BBP Finance Australia’s A$2.8 billion multi-tranche debt package has been completed via mandated lead arrangers ANZ, BNP Paribas, Commonwealth Bank of Australia, Dexia, HVB Australia, National Australia Bank, Natixis, Societe Generale, Suncorp-Metway and WestLB, with Mizuho Corporate Bank joining in as a participant.
The fundraising comprises A$1.6 billion and A$960 million term loans, a A$100 million working capital facility, an A$80 million letter of credit and a A$60 million portion.
Proceeds are to amend and refinance existing debt and for working capital purposes.
A A$188 million 2.75-year transaction for Dental Corp has been inked via sole mandated lead arranger and bookrunner National Australia Bank.
The deal is split into A$86 million, A$57 million, A$41 million and A$2 million term loans, and a A$2 million revolving facility.
The lead pledged A$78 million, while arrangers Commonwealth Bank of Australia and Westpac took A$40 million each.

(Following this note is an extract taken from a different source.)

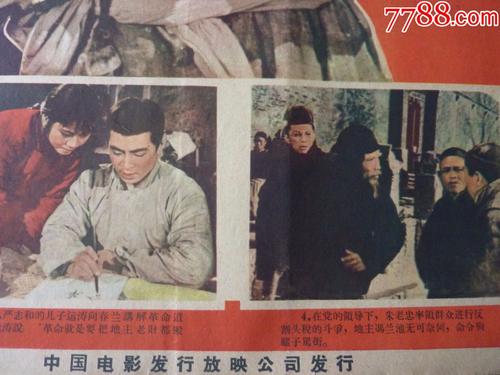 中国高等教育学历证书查询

Bank West rounded out the group with a hold of A$30 million.
Proceeds are for general corporate and working capital purposes.
Leo Paper Bags Manufacturing has successfully secured a HK$460 million four-year dual-tranche financing via sole mandated lead arranger and bookrunner Hang Seng Bank. ANZ, Bank of Tokyo-Mitsubishi UFJ, BNP Paribas and KBC Bank are the coordinating arrangers while Bank Sinopac, Chang Hwa Commercial Bank, Hua Nan Commercial Bank, Industrial Bank of Taiwan and Shanghai Commercial & Savings Bank acted as arrangers.
Guaranteed by Leo Paper Products, the debt was divided into a HK$288 million term loan and a HK$172 million revolving credit.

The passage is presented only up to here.